### Required action
Starting with the line below that holds "АКПП НА NISSAN PRESAGE TNU31 QR25DE" and stopping after the line that holds "簡潔中國風(fēng)攝影網(wǎng)站模板下載-HTML5模板", transcribe the lines exactly, leaving out all pictures.

### Source records
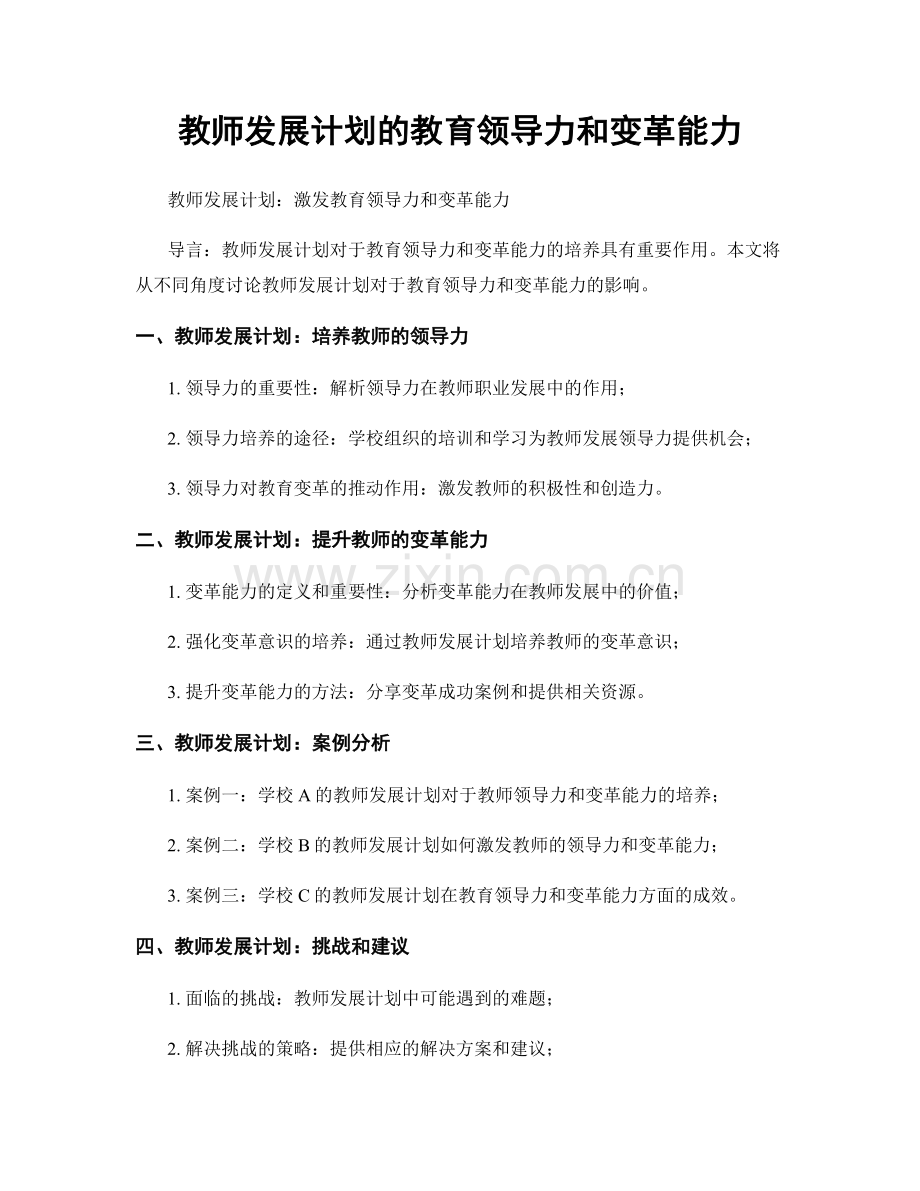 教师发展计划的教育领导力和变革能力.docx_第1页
* * *
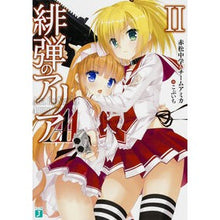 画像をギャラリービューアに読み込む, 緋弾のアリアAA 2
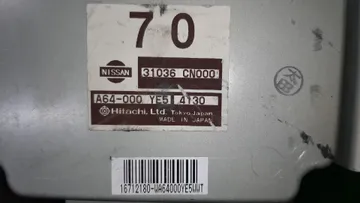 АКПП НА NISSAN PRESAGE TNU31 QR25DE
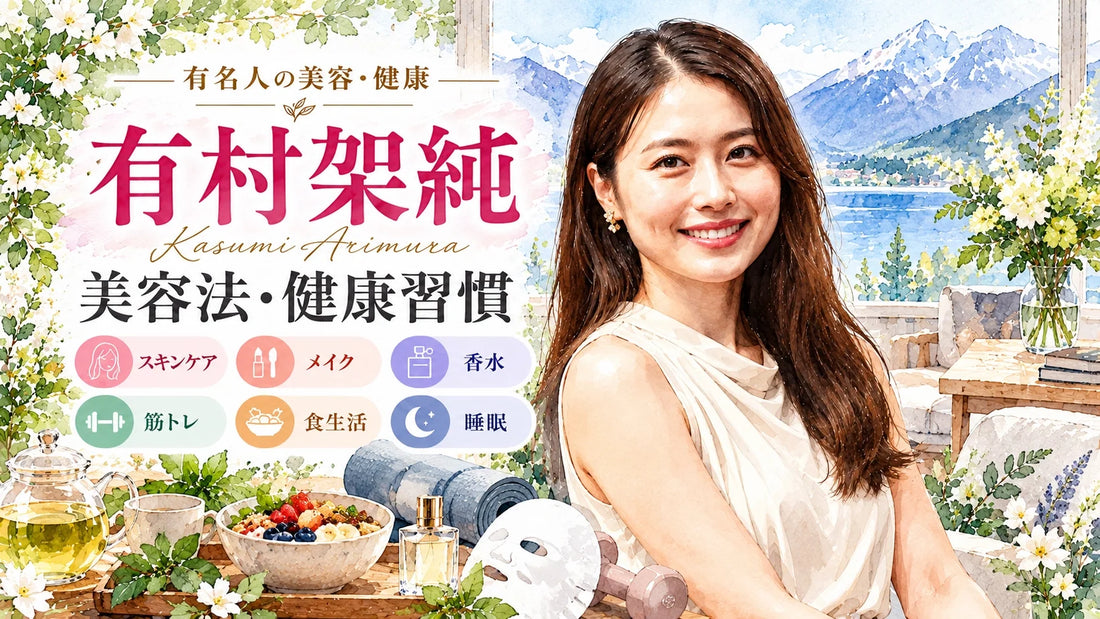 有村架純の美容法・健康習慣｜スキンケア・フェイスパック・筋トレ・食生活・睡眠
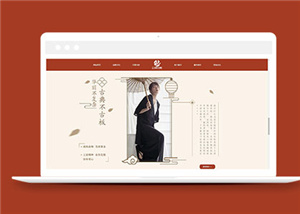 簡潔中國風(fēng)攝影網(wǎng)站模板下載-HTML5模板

### Solution to this exercise
 АКПП НА NISSAN PRESAGE TNU31 QR25DE
 有村架純の美容法・健康習慣｜スキンケア・フェイスパック・筋トレ・食生活・睡眠
 簡潔中國風(fēng)攝影網(wǎng)站模板下載-HTML5模板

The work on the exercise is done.